Data extracts —

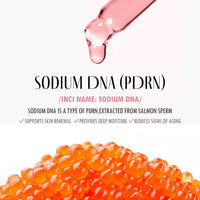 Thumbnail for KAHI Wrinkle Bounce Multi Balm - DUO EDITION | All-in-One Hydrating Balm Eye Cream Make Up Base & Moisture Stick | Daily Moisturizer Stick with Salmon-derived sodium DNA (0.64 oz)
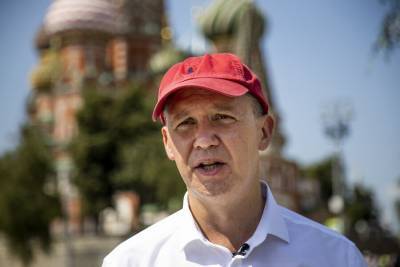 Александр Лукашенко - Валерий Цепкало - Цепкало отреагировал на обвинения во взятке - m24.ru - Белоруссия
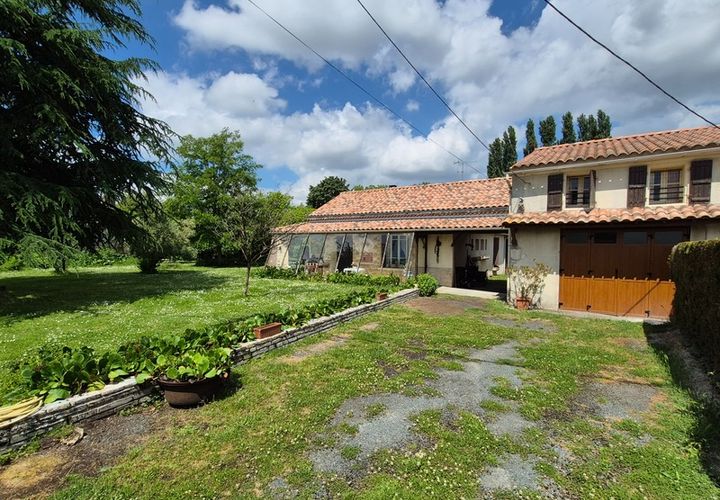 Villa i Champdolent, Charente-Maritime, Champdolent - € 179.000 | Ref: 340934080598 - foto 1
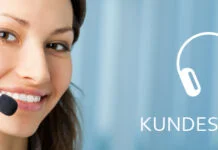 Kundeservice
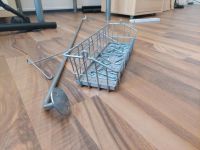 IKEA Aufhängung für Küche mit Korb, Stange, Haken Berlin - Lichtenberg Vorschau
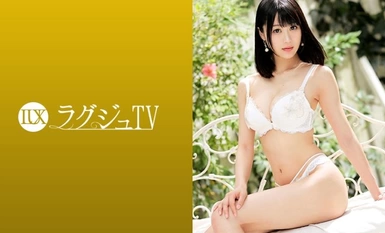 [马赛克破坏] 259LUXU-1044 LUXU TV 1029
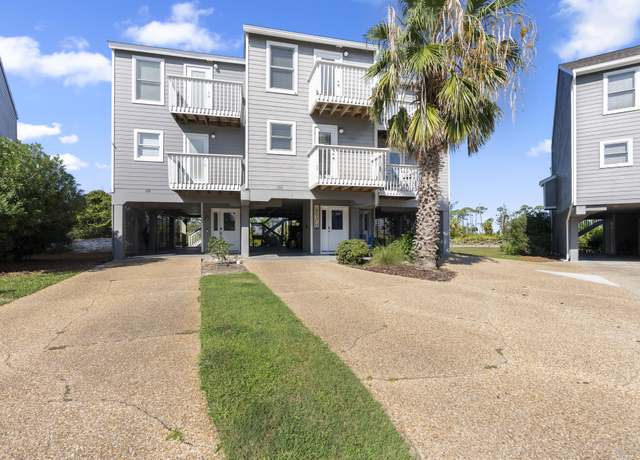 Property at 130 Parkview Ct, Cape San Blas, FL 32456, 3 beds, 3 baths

* * *

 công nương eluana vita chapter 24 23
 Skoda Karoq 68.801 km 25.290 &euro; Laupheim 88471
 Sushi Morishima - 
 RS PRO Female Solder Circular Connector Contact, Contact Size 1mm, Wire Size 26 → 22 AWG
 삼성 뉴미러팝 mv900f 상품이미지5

...

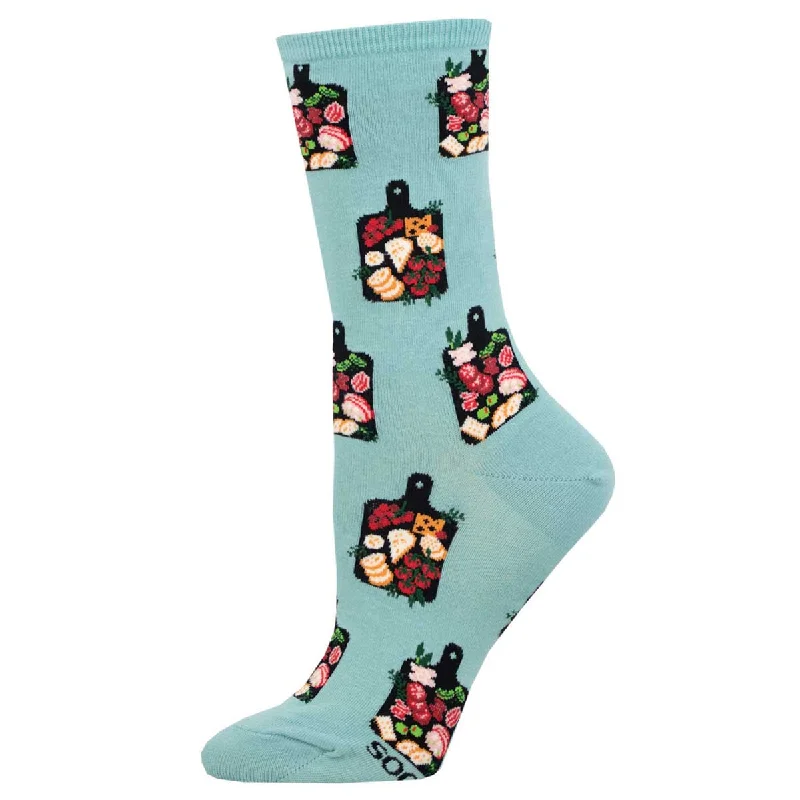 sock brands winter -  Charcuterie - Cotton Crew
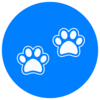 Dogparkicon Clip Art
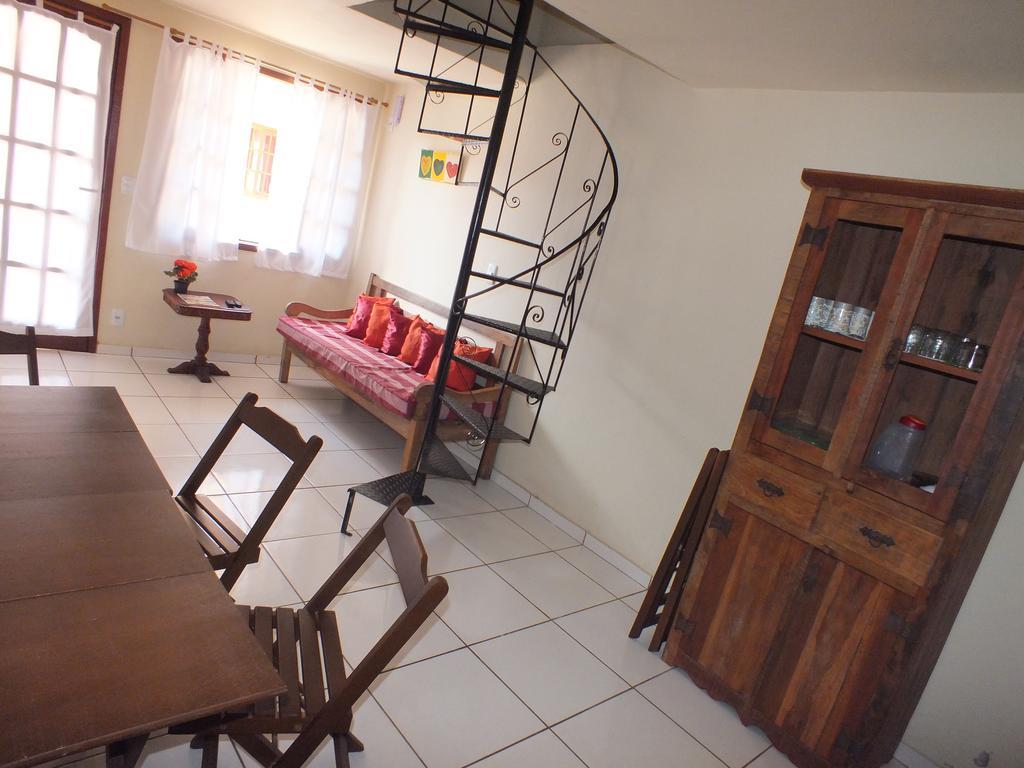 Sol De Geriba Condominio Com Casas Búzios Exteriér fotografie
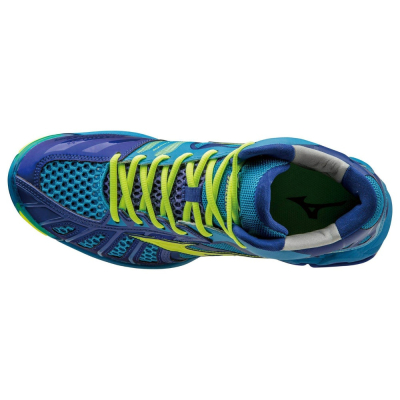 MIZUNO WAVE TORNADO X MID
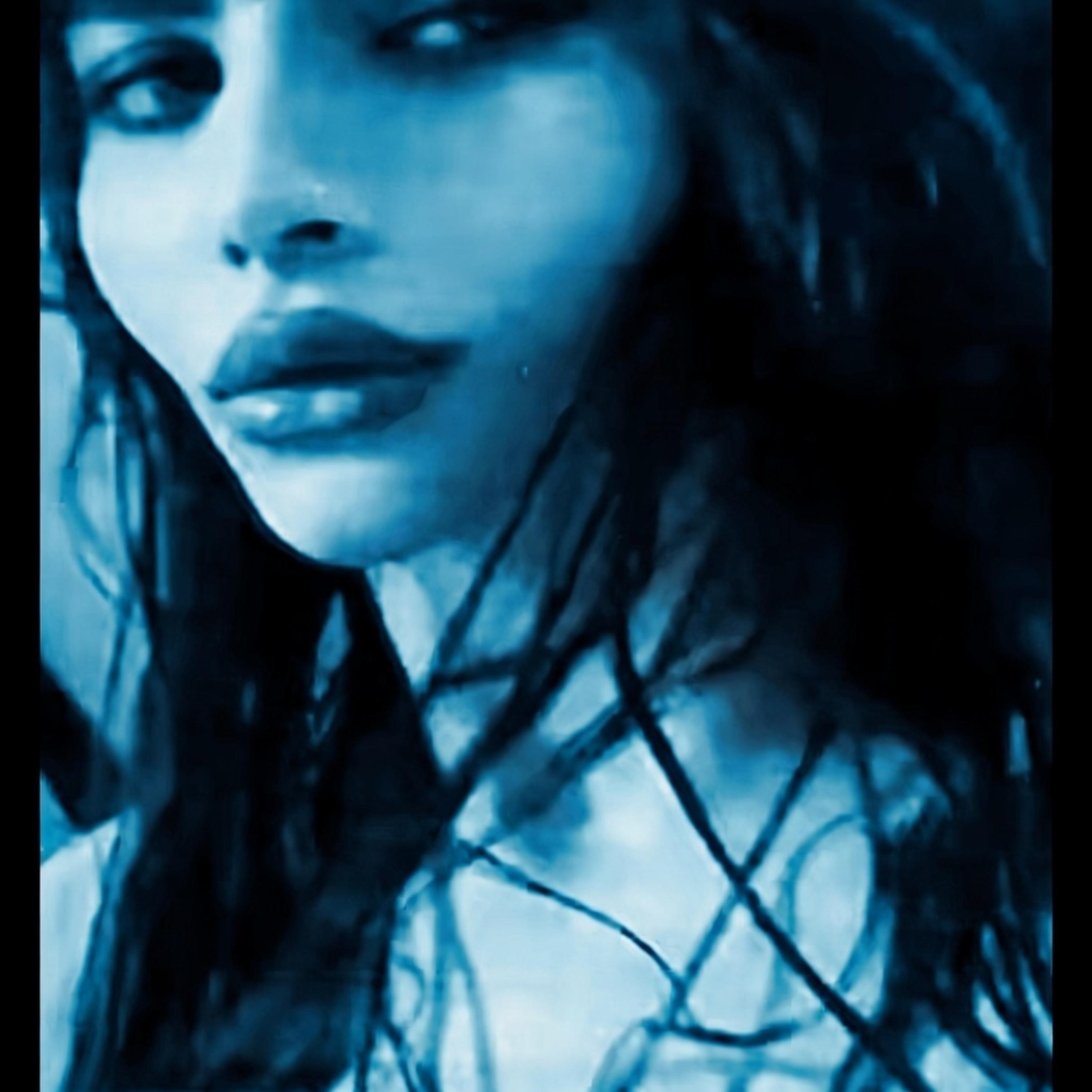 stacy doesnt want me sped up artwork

Problem to solve — Exactly the lines starting at the one above with "Villa i Champdolent, Charente-Maritime, Champdolent" and ending at the one with "Property at 130" should be printed, and nothing else. Omit the pictures.

The answer —
 Villa i Champdolent, Charente-Maritime, Champdolent - € 179.000 | Ref: 340934080598 - foto 1
 Kundeservice
 IKEA Aufhängung für Küche mit Korb, Stange, Haken Berlin - Lichtenberg Vorschau
 [马赛克破坏] 259LUXU-1044 LUXU TV 1029
 Property at 130 Parkview Ct, Cape San Blas, FL 32456, 3 beds, 3 baths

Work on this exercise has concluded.